Wenn die Werbeumsätze einen Gradmesser für den wirtschaftlichen Erfolg eines Mediums darstellen, ist das deutsche Radiomodell ohnehin gescheitert. Fragt sich nur wie lange die Wende noch auf sich warten lässt; solange die Privatsender noch ein kleines Plus erwirtschaften, ohne den Printpublikationen anzeigentechnisch in die Quere zu kommen, werden die risikoscheuen Verleger zuwarten und die Hände ängstlich in den Schoß legen. Bis dahin wird jeder Marktneuling, der die von ihnen vorgegebenen Spielregeln missachtet, verbissen abgewehrt und von der Partizipation am ohnehin schrumpfenden Werbekuchen ausgeschlossen. Das bestehende Geschäftsmodell wird gegen jede Vernunft mit Zähnen und Klauen verteidigt, während das Smartphone und artverwandte Gerätschaften zu neuen "Volksempfängern" mutieren.
Wird durch die Konkurrenz alternativer Unterhaltungstechnologien der Handlungsdruck am Ende unerträglich, kann man mit kopflosen Schnellschüssen aber nichts mehr retten, zumal sich alle Marktteilnehmer schon lange umorientiert haben. Wer bis zum Sankt-Nimmerleinstag zuwartet muss sich mit den Krumen begnügen, die die aus dem Boden geschossenen Mitbewerber dann noch übrig gelassen haben.
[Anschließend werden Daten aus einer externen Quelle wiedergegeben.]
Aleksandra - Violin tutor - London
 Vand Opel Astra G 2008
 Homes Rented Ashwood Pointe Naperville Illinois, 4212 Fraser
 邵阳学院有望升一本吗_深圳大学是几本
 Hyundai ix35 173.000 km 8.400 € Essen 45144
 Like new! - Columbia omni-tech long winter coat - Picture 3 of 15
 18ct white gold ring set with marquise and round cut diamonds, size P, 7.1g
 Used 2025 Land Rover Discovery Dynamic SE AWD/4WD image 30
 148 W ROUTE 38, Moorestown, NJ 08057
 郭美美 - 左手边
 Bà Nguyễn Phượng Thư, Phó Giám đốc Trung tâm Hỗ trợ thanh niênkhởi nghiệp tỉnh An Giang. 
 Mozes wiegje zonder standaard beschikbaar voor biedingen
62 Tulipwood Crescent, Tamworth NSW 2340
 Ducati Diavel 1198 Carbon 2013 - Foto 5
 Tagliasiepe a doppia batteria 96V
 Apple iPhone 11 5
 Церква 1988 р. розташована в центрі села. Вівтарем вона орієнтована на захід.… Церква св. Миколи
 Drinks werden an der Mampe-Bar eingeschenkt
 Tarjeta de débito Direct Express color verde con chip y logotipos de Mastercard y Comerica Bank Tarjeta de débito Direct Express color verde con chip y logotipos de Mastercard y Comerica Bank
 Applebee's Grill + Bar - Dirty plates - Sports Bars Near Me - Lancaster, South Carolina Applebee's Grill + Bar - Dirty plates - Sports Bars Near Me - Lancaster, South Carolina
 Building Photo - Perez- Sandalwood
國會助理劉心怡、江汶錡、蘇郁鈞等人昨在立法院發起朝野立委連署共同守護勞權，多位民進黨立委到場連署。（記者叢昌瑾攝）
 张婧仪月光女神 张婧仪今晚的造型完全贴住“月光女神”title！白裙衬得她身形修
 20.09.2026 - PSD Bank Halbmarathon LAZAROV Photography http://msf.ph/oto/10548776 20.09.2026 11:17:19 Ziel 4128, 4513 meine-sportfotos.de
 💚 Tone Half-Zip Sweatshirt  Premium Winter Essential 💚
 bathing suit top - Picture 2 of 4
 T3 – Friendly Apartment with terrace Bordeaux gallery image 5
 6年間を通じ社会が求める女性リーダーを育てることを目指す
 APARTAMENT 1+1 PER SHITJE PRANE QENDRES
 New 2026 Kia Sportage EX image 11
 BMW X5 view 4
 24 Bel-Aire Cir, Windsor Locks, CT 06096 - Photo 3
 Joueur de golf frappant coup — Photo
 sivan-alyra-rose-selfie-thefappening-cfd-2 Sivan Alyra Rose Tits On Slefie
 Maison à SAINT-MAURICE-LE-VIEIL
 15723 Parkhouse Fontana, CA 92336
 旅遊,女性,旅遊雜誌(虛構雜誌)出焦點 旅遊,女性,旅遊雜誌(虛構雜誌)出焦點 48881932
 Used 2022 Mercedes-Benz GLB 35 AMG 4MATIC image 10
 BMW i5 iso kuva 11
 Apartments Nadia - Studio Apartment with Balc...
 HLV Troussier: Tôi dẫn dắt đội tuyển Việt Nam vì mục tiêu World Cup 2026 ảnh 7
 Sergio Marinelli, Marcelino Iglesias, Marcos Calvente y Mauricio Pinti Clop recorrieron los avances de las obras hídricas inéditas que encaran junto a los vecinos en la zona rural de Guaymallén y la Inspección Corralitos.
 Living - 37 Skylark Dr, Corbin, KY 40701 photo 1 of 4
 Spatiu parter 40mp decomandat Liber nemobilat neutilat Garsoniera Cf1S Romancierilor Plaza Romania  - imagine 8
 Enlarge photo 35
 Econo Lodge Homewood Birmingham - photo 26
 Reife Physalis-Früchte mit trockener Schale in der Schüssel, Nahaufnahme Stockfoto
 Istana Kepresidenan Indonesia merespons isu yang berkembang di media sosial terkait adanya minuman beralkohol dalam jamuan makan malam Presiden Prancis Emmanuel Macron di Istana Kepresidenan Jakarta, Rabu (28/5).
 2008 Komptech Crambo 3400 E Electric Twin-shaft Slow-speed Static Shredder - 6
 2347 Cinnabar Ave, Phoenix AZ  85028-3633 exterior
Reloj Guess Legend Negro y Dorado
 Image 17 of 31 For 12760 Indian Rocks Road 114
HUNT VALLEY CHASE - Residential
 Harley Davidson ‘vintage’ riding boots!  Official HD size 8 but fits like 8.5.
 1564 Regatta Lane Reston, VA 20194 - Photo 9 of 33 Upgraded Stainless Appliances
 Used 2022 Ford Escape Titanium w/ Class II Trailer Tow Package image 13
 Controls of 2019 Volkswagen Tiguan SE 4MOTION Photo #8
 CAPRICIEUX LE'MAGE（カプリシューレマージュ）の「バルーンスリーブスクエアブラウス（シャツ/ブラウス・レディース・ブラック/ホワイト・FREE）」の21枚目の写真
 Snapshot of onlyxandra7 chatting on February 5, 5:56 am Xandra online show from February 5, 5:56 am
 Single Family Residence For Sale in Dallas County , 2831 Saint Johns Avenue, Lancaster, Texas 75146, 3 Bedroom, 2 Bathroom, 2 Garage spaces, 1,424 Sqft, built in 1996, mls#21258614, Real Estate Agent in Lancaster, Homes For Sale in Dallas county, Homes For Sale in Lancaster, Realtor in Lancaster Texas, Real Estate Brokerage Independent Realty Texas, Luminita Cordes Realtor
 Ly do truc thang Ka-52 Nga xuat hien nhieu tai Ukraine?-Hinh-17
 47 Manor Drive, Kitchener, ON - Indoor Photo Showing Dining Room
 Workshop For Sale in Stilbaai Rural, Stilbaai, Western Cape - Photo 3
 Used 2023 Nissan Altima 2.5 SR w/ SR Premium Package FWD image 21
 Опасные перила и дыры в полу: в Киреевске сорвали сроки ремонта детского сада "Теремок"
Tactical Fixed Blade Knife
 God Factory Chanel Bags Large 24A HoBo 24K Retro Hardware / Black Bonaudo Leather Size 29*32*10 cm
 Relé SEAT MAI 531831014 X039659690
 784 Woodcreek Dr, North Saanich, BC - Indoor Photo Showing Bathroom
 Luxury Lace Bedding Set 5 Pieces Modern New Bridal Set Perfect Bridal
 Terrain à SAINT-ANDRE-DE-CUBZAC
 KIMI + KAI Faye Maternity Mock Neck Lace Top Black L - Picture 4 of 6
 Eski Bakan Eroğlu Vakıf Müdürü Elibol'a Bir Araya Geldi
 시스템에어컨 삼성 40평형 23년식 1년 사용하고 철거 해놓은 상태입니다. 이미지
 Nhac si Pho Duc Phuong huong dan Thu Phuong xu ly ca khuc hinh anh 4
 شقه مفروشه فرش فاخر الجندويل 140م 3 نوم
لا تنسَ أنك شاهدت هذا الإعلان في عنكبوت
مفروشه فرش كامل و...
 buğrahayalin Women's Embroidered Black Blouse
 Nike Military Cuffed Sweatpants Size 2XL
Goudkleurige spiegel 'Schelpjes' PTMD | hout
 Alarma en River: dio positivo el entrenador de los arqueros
*Vor diesem Hintergrund erscheint es nur logisch, dass die Rotationen der "Oldiesender" besonders klein sein müssen, denn Oldiewellen verfügen weder über eine Hot-Rotation noch über Recurrents oder geschlossene Single-Discographien aktueller Stars, die sie mit älteren Erfolgstiteln ehemaliger Gesangsgrößen kombinieren können. So frischen sie ihre Playlist immer wieder neu auf, um sie dann eine gewisse Zeit beizubehalten und auf diese Weise bestimmte Titel "ins Bewußtsein der Hörer zu hämmern".